Alpha Spread’s multiples-based relative valuation model more than corroborates my thesis on undervaluation, estimating a relative value of $175.47, representing a 50% undervaluation.
However, due to Alpha Spread’s inability to incorporate recessionary risks and outlier companies Alpha Spread uses their model to skew the valuation skyward.
As such, taking a weighted average of my NPV and Alpha Spread’s relative valuation- with more weight given to my NPV- the fair value of Oshkosh is $107.01, an 18% undervaluation.
Oshkosh Continues to Invest- and Lead- in Speculative Growth Vectors
Central to Oshkosh’s value proposition remains its multisided growth platforms across a variety of secular growth streams. For example, Oshkosh is able to effectively leverage long-term megatrends across electrification, autonomous vehicles, digital manufacturing, etc. through its positioning in fire products, defence, construction, environmental, and last-mile delivery. Moreover, with the latter-described versatile range of sector participation, Oshkosh is able to remain resilient in recessionary times and enable magnified growth during inflationary periods, as demonstrated by their strong Q3 results.

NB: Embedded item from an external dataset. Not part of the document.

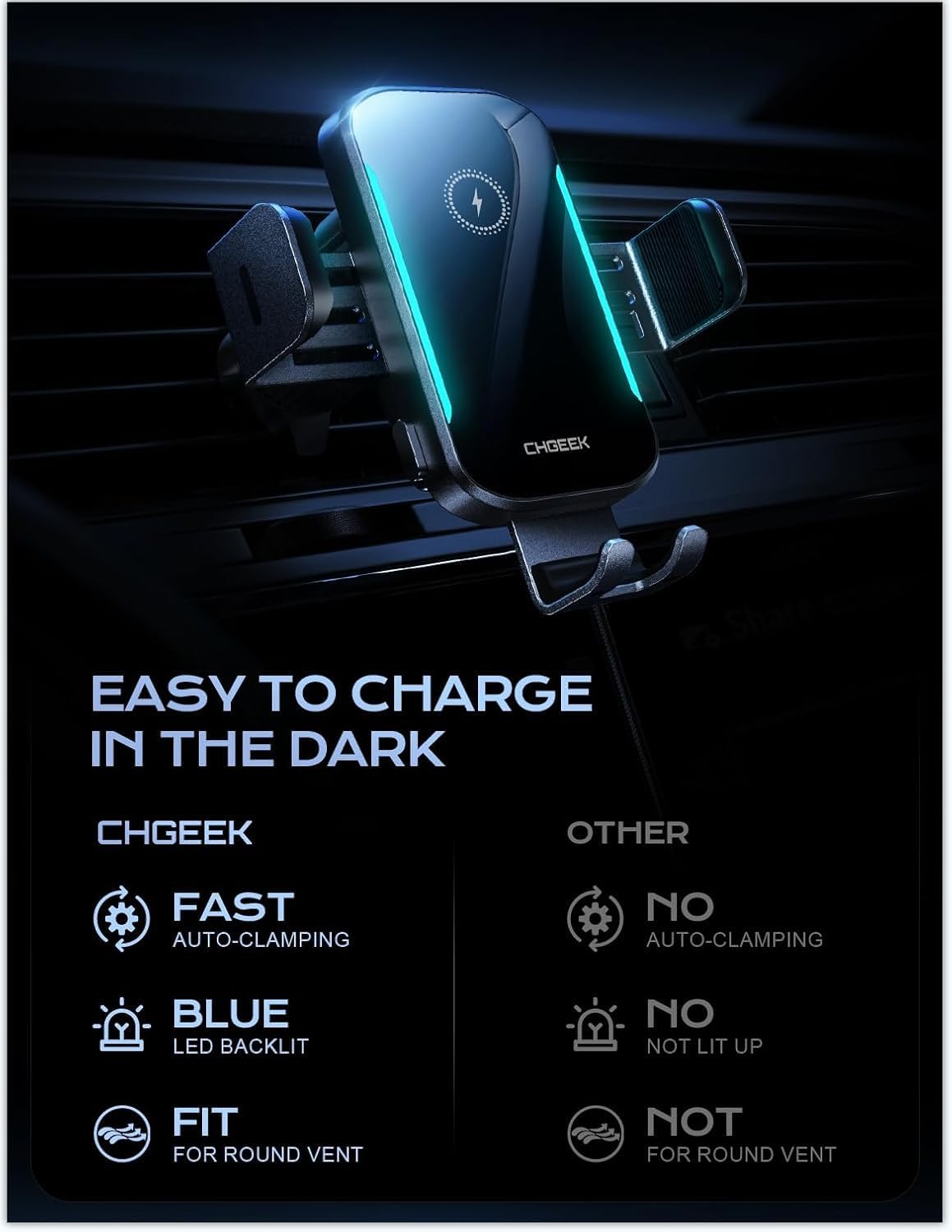 CHGeek Wireless Car Charger, 15W Fast Charging (Knight Black)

This strategic theory is best exemplified by Oshkosh’s $800mn acquisition of aviation and airport equipment manufacturer, Aerotech, which enables stability through market cycles, is expected to support ~$20mn in run-rate synergies by 2026, and ultimately supports additional margin-enhancing opportunities.
Oshkosh’s present value generation is then recycled into an efficient and effective capital deployment strategy, which combines Oshkosh’s commitment to an affordable and flexible cap structure, continued investment in core businesses, the growth of its 1.86% dividend, opportunistic share repurchases, and, of course, inorganic growth through its aggressive M&A strategy. As such, investors can expect a balance of returns and long-run, sustainable growth from Oshkosh.
Wall Street Consensus
Analysts generally agree with my positive view of the company, projecting a 1Y price target of $107.92- a 22.58% increase.
Even at the minimum projected price target, analysts estimate a price of $89.00- a 1.09% return enhanced by the company’s dividend program.
I believe this reflects Wall Street’s opinion that the market has generally underpriced Oshkosh’s operational capabilities and resilience.
Risks & Challenges
Sticky Interest Rates May Inhibit Growth
Although, as demonstrated by the company’s Q3 earnings, Oshkosh has successfully navigated many of the headwinds associated with rising interest rates and continues to maintain low debt, Oshkosh may see reduced growth if rates remain high. Principally, this idea concerns Oshkosh’s M&A orientation, with debt-financed deals increasingly costly. Moreover, although Oshkosh operates in relatively inelastic sectors, many of Oshkosh’s consumers may downsize or opt for repairing existing equipment over purchasing newer products from Oshkosh.
Involvement Across an Array of Industries May Increase Compliance Costs
A key strength of Oshkosh derives from its sheer revenue diversity, and ability to balance growth and resilience efficaciously. However, with operations across such a wide variety of industries, Oshkosh may be forced to contend with ever-evolving regulatory circumstances, thus increasing compliance costs and the potential for litigation. Oshkosh currently adjusts to these risks by operating different sectors wholly through its more specialized subsidiaries with experience in the field but nonetheless exposes itself to a greater number of regulatory risks.
Conclusion
Looking forward, Oshkosh maintains a strong operational structure, well-supported by fundamental financials and potential for investor returns.